* _Task objective_
The required output is the lines below from the line containing "1girl, solo, looking" to the line containing "vidaXL Garten Essgruppe", inclusive, retyped exactly. No other lines belong in it.

[Data items]
Segment Open

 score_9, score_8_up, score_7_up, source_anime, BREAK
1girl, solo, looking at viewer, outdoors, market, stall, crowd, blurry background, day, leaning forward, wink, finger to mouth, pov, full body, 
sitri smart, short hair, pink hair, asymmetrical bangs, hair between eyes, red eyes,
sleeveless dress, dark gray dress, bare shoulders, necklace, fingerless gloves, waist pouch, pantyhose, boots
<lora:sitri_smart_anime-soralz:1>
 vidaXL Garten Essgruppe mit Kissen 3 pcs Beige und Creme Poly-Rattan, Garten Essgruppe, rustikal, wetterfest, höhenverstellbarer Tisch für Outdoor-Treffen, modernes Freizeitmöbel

Segment Closed
Segment Open

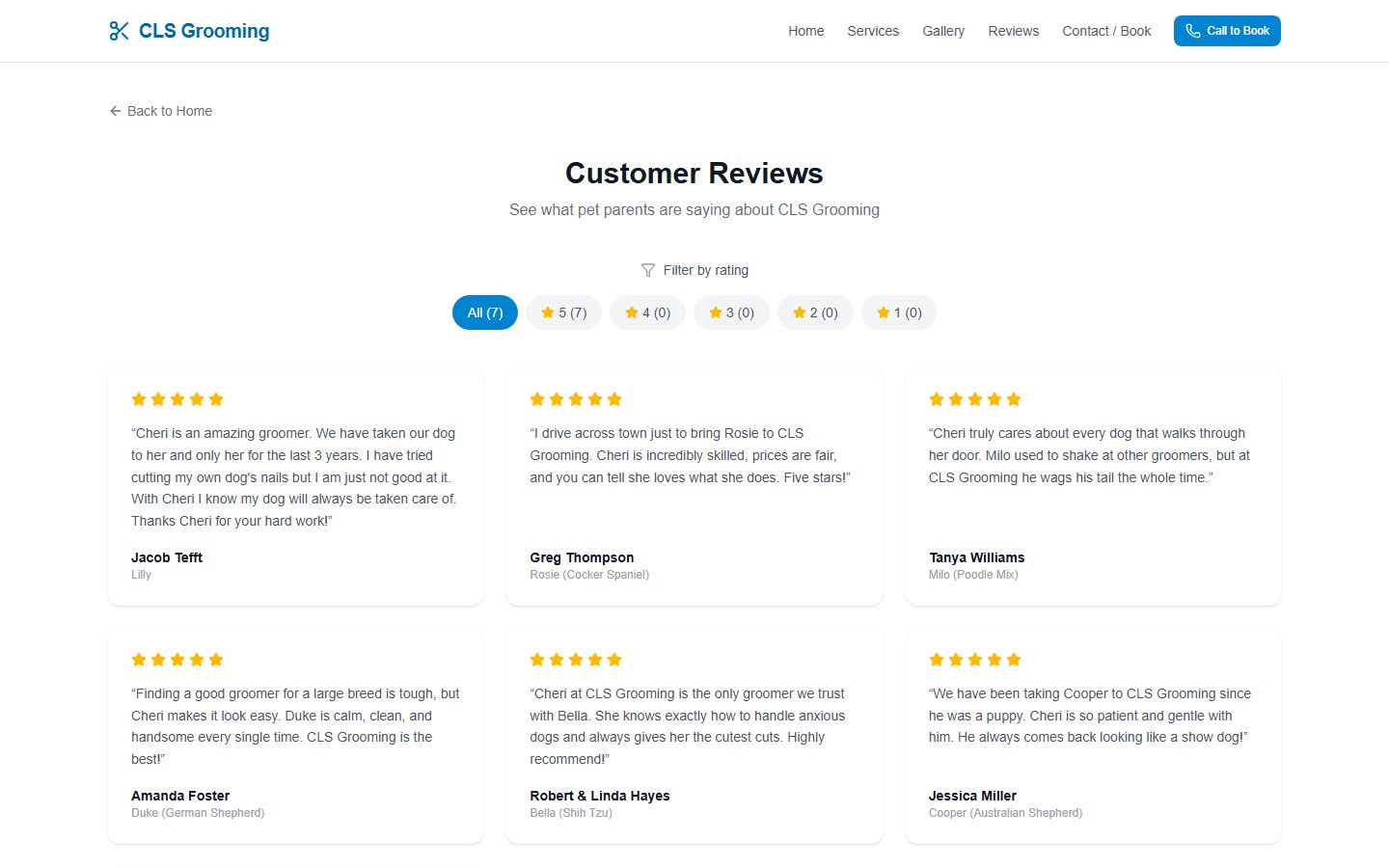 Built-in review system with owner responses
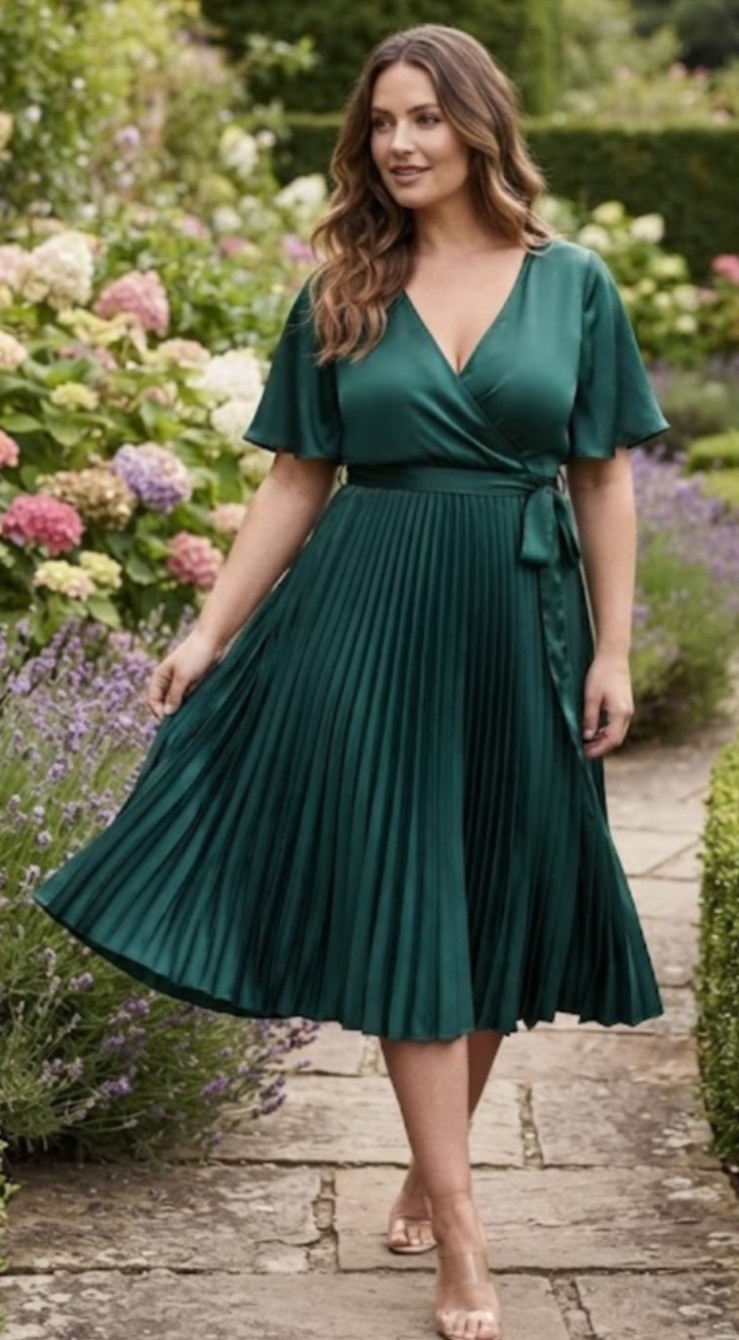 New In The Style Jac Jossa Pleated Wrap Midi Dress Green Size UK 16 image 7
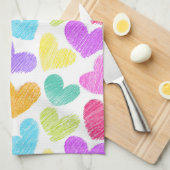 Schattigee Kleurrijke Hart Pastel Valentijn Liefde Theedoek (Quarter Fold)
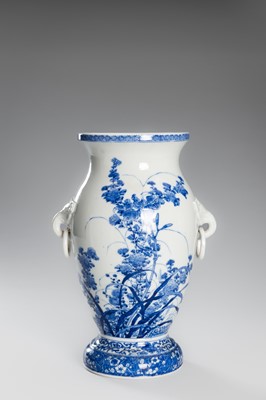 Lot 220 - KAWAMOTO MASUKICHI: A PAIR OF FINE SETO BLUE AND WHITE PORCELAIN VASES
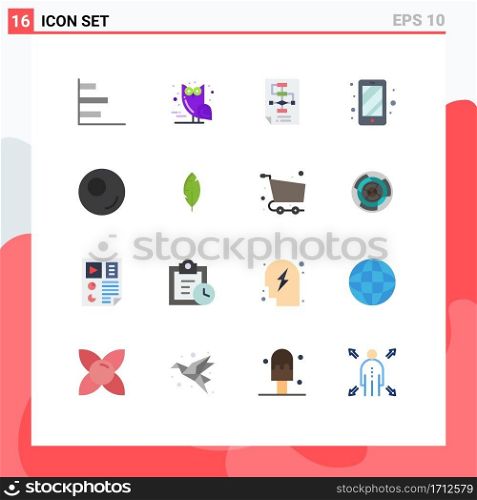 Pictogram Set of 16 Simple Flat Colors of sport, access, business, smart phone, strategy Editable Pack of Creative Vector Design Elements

Segment Closed
Segment Open

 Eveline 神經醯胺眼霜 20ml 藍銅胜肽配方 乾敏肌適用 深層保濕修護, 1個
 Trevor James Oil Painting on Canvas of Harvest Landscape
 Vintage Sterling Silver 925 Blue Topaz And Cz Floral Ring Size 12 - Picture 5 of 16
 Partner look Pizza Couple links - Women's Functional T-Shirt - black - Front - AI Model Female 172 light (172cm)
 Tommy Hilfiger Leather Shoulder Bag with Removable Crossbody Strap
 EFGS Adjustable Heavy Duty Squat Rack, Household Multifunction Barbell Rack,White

Segment Closed

* _Response to the exercise_
1girl, solo, looking at viewer, outdoors, market, stall, crowd, blurry background, day, leaning forward, wink, finger to mouth, pov, full body, 
sitri smart, short hair, pink hair, asymmetrical bangs, hair between eyes, red eyes,
sleeveless dress, dark gray dress, bare shoulders, necklace, fingerless gloves, waist pouch, pantyhose, boots
<lora:sitri_smart_anime-soralz:1>
 vidaXL Garten Essgruppe mit Kissen 3 pcs Beige und Creme Poly-Rattan, Garten Essgruppe, rustikal, wetterfest, höhenverstellbarer Tisch für Outdoor-Treffen, modernes Freizeitmöbel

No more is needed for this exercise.